Monday, March 31, 2014

April Phenology

Spring turkey - Conservationist, Noppadol Paothong
Phenology - the scientific study of periodic biological phenomena.

April is the time when the woods and fields come back alive.  After months of few new findings on a hike, all of a sudden everything is new as dormant life awakens and fertility cycles begin again.  Turkey are out everywhere, gobbling confidently in the knowledge that they are safe until youth season begins April 12th.

Belted kingfisher- Joe Motto
The belted kingfisher, a small bird with attitude and a bad haircut, began its loud chattering patrols up and down the creek last week, proclaiming its dominance to all within half a mile.  Birds of Missouri lists it as uncommon but we always have a pair taking possession on low slung branches above the shallow stretches of the creek.

Eastern tent caterpillar egg case
Eastern tent caterpillars will emerge from their egg cases which encircle the branches of our plum trees, ready to start building their web-like homes.  These will protect them by creating many layers of walls, insulating them against the cold.  Look for the cases and you will soon see tiny holes appearing before you will find the caterpillars.  Their host trees flowers will be the first to bloom along our drive.

Hummingbirds will start arriving any day now.  They will be hungry from their trip back from their wintering grounds in Central America and most will be moving on after fueling up.  Even though it was blustery today, we have loaded up the bird feeders, as there won't be many other nectar sources around for a while.  They can also feed on tree sap and flying insects but both are hard to come by.

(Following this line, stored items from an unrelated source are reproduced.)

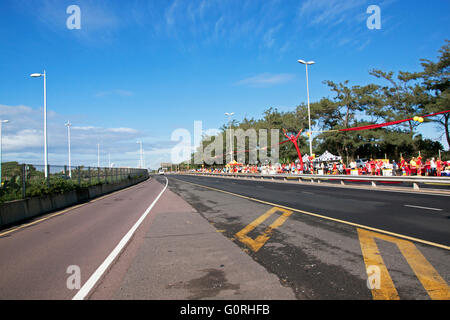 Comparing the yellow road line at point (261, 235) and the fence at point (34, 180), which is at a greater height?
the fence at point (34, 180)

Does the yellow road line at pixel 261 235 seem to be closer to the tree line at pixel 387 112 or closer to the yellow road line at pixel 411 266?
the yellow road line at pixel 411 266

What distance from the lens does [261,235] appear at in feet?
25.4

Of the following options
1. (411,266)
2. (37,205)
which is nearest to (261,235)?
(411,266)

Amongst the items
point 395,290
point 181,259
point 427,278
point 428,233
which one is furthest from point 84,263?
point 428,233

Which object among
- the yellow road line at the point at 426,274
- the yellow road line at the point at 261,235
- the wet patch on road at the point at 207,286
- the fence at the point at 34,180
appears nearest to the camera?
the yellow road line at the point at 426,274

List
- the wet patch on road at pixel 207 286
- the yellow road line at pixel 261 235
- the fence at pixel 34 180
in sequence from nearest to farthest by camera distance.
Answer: the wet patch on road at pixel 207 286 → the yellow road line at pixel 261 235 → the fence at pixel 34 180

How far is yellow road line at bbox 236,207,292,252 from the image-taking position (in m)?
6.87

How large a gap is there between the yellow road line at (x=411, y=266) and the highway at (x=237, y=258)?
0.04 feet

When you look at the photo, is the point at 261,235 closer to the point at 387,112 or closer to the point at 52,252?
the point at 52,252

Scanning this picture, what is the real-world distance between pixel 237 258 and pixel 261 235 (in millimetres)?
2028

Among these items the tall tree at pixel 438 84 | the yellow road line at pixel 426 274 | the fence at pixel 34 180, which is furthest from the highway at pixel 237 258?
the tall tree at pixel 438 84

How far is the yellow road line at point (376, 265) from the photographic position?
3.93 meters

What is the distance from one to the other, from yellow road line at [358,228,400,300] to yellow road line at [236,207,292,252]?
2.01m
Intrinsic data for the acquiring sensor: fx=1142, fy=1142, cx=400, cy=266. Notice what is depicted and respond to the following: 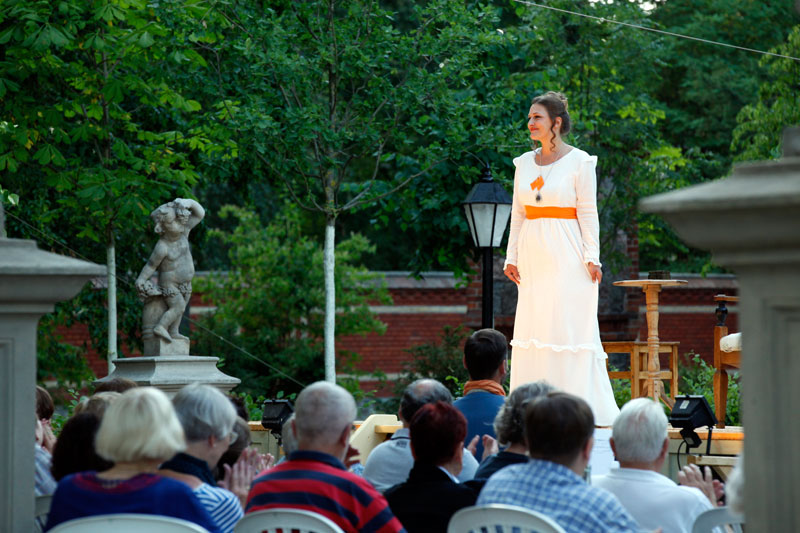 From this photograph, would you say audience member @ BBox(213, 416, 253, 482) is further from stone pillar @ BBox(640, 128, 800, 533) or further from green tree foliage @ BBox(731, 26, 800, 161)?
green tree foliage @ BBox(731, 26, 800, 161)

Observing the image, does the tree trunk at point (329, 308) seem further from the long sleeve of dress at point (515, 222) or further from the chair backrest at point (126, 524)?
the chair backrest at point (126, 524)

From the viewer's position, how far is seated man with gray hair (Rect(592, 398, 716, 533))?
11.7 feet

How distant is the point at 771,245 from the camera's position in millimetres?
2600

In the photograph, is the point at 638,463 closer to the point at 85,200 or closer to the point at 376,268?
the point at 85,200

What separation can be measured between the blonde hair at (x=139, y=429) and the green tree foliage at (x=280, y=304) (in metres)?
12.8

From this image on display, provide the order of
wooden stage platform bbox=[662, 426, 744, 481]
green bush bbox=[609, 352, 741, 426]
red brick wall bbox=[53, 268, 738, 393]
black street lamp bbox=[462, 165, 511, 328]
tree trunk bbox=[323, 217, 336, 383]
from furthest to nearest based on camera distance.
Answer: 1. red brick wall bbox=[53, 268, 738, 393]
2. tree trunk bbox=[323, 217, 336, 383]
3. green bush bbox=[609, 352, 741, 426]
4. black street lamp bbox=[462, 165, 511, 328]
5. wooden stage platform bbox=[662, 426, 744, 481]

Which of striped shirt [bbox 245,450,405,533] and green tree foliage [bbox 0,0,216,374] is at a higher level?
green tree foliage [bbox 0,0,216,374]

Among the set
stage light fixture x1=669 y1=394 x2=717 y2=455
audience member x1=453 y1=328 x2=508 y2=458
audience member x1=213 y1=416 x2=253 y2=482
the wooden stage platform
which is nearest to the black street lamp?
the wooden stage platform

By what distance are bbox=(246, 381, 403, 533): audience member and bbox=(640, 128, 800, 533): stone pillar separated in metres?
1.14

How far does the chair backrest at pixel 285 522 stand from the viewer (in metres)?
3.11

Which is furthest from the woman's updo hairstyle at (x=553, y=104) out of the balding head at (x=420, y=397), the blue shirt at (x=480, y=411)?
the balding head at (x=420, y=397)

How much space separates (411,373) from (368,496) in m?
10.6

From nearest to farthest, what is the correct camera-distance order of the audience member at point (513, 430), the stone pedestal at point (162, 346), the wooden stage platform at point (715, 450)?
the audience member at point (513, 430)
the wooden stage platform at point (715, 450)
the stone pedestal at point (162, 346)

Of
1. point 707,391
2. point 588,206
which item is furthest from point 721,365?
point 588,206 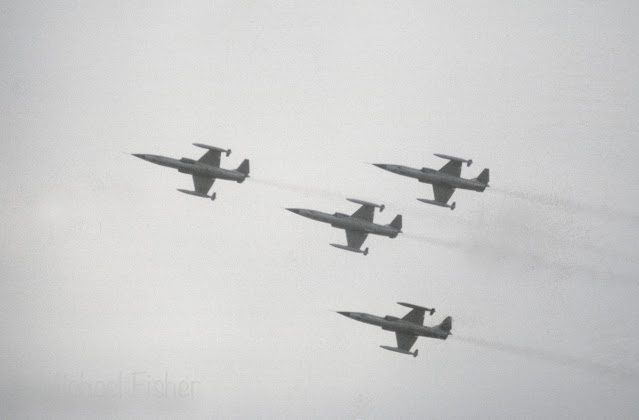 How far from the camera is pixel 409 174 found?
595 feet

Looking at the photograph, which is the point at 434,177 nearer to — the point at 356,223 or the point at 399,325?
the point at 356,223

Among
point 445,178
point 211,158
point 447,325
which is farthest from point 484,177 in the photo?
point 211,158

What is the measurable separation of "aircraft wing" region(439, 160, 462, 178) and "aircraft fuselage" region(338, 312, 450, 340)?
18319mm

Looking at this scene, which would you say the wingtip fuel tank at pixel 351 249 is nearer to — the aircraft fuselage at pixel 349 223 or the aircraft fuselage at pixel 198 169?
the aircraft fuselage at pixel 349 223

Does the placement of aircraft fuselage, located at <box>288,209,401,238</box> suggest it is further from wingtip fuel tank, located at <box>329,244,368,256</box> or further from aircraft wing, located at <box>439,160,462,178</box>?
aircraft wing, located at <box>439,160,462,178</box>

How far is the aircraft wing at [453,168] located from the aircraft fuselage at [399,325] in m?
18.3

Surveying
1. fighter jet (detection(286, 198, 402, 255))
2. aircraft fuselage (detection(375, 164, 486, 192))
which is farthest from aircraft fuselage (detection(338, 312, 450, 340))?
aircraft fuselage (detection(375, 164, 486, 192))

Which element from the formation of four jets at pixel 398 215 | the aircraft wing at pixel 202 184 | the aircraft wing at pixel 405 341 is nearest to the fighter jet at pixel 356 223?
the formation of four jets at pixel 398 215

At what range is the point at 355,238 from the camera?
18562 cm

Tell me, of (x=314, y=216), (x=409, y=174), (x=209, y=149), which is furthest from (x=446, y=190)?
(x=209, y=149)

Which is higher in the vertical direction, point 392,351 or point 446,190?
point 446,190

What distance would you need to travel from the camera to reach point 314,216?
181750 millimetres

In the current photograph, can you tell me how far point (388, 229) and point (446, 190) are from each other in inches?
325

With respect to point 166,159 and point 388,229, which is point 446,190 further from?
point 166,159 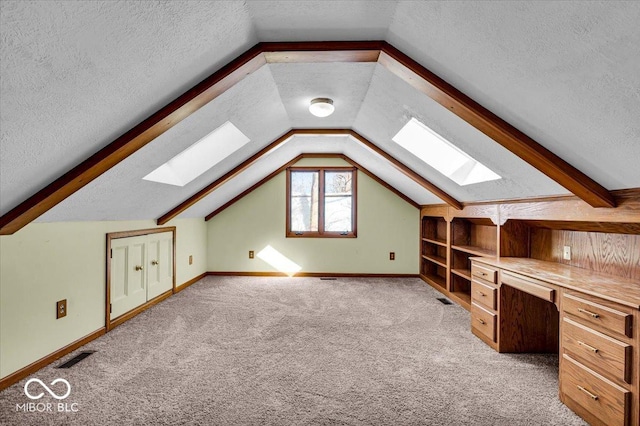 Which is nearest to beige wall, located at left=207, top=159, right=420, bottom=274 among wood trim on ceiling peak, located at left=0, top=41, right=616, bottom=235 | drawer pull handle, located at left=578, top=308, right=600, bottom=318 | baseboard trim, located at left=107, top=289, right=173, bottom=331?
baseboard trim, located at left=107, top=289, right=173, bottom=331

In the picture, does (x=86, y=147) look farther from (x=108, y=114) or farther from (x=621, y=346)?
(x=621, y=346)

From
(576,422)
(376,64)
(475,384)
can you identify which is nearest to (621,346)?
(576,422)

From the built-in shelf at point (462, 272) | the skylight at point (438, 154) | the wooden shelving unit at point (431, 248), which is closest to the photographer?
the skylight at point (438, 154)

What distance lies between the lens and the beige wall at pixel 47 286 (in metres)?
2.08

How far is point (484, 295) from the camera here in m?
2.79

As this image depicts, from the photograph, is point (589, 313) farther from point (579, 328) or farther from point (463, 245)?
point (463, 245)

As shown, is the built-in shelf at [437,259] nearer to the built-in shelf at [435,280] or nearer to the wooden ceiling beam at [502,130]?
the built-in shelf at [435,280]

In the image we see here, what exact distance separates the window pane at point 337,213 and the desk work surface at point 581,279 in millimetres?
2882

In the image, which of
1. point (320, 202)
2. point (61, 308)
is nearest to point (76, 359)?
point (61, 308)

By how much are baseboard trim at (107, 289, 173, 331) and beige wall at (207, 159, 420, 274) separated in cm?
147

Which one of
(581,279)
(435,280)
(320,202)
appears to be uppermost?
(320,202)

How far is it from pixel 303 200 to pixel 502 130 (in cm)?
386

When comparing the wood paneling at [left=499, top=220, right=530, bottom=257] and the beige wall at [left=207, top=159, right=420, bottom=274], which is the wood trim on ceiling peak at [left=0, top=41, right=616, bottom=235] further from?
the beige wall at [left=207, top=159, right=420, bottom=274]

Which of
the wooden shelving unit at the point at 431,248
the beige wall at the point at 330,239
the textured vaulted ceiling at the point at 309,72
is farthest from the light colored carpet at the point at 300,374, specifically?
the beige wall at the point at 330,239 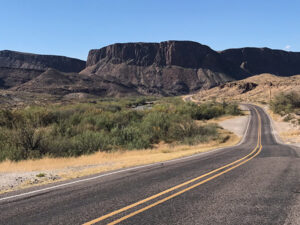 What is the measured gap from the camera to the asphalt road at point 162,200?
16.3 ft

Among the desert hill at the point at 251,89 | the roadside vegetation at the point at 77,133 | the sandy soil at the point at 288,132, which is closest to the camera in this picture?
the roadside vegetation at the point at 77,133

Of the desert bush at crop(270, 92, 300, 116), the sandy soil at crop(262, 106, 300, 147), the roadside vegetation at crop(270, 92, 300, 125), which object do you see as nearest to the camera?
the sandy soil at crop(262, 106, 300, 147)

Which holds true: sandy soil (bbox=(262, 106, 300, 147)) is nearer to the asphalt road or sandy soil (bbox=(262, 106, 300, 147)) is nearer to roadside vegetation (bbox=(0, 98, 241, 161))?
roadside vegetation (bbox=(0, 98, 241, 161))

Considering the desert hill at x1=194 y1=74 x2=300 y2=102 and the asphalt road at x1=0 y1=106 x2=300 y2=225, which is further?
the desert hill at x1=194 y1=74 x2=300 y2=102

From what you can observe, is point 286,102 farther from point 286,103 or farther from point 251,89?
point 251,89

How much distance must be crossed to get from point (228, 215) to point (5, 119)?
2691 cm

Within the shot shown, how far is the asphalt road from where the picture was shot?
196 inches

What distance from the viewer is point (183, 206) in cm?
564

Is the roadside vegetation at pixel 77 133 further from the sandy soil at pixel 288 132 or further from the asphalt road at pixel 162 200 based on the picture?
the sandy soil at pixel 288 132

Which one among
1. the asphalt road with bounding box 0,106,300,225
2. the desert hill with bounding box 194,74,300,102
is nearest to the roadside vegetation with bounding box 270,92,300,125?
the desert hill with bounding box 194,74,300,102

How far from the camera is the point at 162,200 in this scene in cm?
605

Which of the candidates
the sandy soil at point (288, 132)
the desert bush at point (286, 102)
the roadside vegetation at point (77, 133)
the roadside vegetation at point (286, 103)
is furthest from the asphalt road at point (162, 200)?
the desert bush at point (286, 102)

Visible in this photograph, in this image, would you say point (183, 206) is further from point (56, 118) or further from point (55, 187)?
point (56, 118)

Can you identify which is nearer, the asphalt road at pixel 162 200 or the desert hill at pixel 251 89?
the asphalt road at pixel 162 200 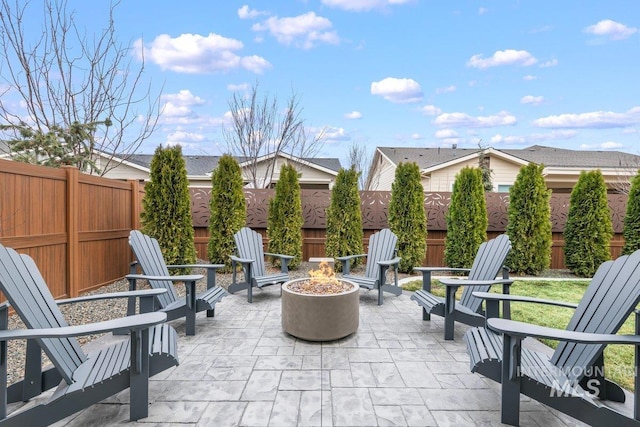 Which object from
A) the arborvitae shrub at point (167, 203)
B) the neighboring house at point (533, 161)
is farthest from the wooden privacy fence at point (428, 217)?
the neighboring house at point (533, 161)

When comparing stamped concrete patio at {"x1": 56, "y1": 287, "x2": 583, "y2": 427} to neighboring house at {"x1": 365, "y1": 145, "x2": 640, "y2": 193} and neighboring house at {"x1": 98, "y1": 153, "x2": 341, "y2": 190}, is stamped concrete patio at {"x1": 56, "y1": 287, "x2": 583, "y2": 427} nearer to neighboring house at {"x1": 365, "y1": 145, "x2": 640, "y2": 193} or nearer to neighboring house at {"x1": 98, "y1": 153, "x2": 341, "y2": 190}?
neighboring house at {"x1": 365, "y1": 145, "x2": 640, "y2": 193}

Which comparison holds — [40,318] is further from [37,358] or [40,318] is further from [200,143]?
[200,143]

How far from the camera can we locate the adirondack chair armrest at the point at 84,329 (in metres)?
1.57

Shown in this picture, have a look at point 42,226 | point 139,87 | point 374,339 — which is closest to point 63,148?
point 139,87

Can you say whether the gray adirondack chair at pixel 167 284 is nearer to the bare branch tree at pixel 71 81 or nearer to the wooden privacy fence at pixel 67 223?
the wooden privacy fence at pixel 67 223

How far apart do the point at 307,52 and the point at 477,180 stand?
28.6ft

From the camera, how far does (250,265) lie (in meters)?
4.43

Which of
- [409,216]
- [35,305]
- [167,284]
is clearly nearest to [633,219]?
[409,216]

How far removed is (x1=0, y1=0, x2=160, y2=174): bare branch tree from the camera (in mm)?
5855

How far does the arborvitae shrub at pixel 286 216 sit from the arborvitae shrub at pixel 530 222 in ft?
14.4

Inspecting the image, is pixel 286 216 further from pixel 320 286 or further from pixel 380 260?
pixel 320 286

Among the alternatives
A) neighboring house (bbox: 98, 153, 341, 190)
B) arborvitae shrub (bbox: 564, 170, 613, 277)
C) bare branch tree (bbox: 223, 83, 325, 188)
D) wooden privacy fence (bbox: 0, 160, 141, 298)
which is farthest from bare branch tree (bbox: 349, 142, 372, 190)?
wooden privacy fence (bbox: 0, 160, 141, 298)

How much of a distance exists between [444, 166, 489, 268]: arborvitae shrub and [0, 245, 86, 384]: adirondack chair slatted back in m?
6.29

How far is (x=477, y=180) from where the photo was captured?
6574 mm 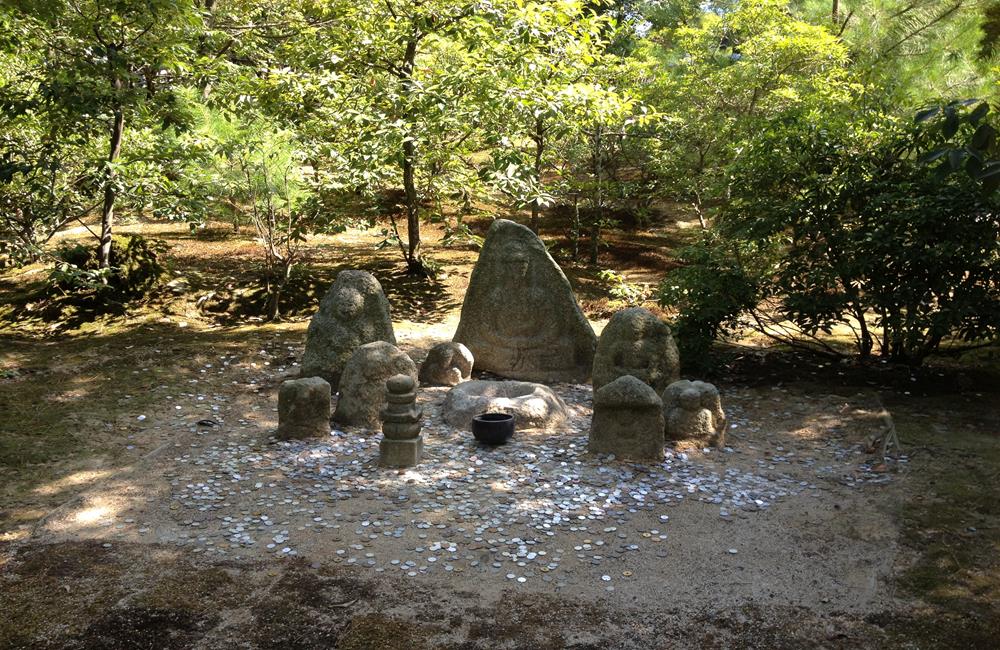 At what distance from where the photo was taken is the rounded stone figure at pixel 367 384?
8.18 metres

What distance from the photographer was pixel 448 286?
14.4 meters

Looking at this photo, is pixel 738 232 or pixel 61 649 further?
pixel 738 232

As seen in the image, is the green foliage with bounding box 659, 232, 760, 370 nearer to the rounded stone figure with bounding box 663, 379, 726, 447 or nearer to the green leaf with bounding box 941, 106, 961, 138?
the rounded stone figure with bounding box 663, 379, 726, 447

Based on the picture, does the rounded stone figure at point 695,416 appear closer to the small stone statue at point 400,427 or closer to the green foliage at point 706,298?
the green foliage at point 706,298

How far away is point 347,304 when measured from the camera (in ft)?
30.5

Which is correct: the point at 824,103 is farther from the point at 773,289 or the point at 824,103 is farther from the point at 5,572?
the point at 5,572

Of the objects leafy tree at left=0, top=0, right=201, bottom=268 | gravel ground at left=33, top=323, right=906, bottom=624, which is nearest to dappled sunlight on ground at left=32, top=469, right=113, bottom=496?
gravel ground at left=33, top=323, right=906, bottom=624

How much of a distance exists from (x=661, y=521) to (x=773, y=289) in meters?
4.72

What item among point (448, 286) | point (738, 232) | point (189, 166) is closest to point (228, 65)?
point (189, 166)

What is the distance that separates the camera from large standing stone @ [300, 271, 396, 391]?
9172 millimetres

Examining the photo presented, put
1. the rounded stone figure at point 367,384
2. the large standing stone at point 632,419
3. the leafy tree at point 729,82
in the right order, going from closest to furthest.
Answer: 1. the large standing stone at point 632,419
2. the rounded stone figure at point 367,384
3. the leafy tree at point 729,82

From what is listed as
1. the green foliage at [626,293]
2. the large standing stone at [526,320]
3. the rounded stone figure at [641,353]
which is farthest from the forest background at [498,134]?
the large standing stone at [526,320]

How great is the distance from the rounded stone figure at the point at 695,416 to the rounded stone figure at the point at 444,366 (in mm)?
2854

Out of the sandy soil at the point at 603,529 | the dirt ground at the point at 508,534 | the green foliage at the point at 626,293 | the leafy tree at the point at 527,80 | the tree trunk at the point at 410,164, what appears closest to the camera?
the dirt ground at the point at 508,534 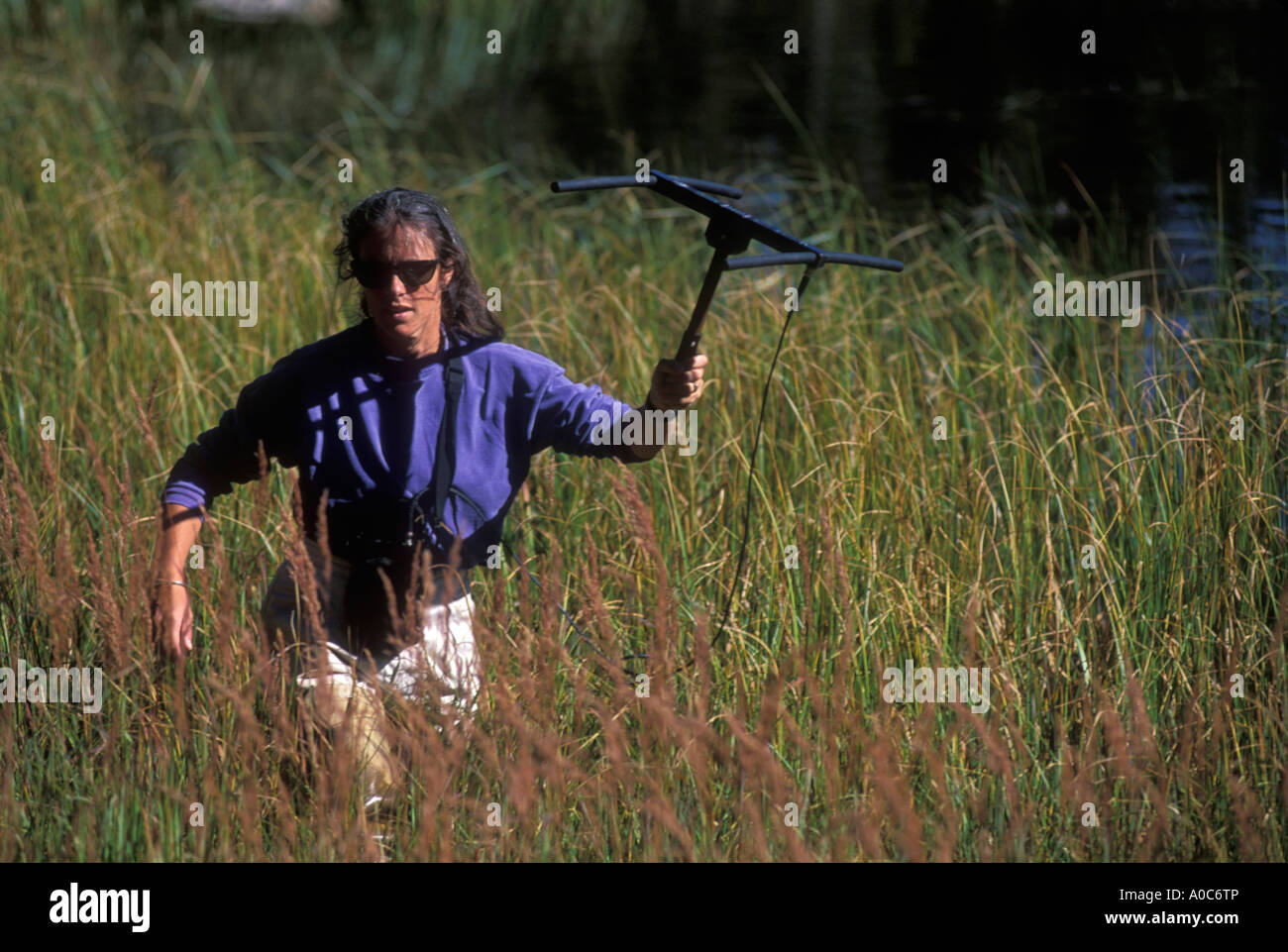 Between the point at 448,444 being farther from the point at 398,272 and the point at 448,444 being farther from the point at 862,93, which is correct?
the point at 862,93

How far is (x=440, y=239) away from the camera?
8.83 feet

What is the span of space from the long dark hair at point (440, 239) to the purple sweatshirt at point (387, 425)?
0.04m

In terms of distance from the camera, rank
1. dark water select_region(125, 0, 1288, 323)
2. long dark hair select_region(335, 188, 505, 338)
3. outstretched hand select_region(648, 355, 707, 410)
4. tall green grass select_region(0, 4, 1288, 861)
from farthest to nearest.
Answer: dark water select_region(125, 0, 1288, 323) < long dark hair select_region(335, 188, 505, 338) < outstretched hand select_region(648, 355, 707, 410) < tall green grass select_region(0, 4, 1288, 861)

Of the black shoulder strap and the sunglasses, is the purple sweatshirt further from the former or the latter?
the sunglasses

Coldblooded reptiles begin to emerge when the average temperature suits them.  You will need to drive carefully on the country roads as turtles begin crossing them in their hazardous search for mates.  Also watch your step as copperheads will be emerging from their dens.  They are just minding their own business and you are too big for them to eat so consider letting them alone unless they are around your house.

Copperhead - Mark Bower  
Serviceberry blossom - Wikimedia
Dogwoods will soon be in bloom, preceded by the delicate white serviceberry blossoms.  Nearer to urban areas you will probably see the early blossoms of Bradford pear trees and their invasive callery pear offspring, a reminder to plant native species in their place.

One final annual April event; the black vultures are brooding in our old barn.  After four years of observing them, they look bored when I open the door to the stall.  Today I waited at the open door for several minutes before she stood up to show me the eggs.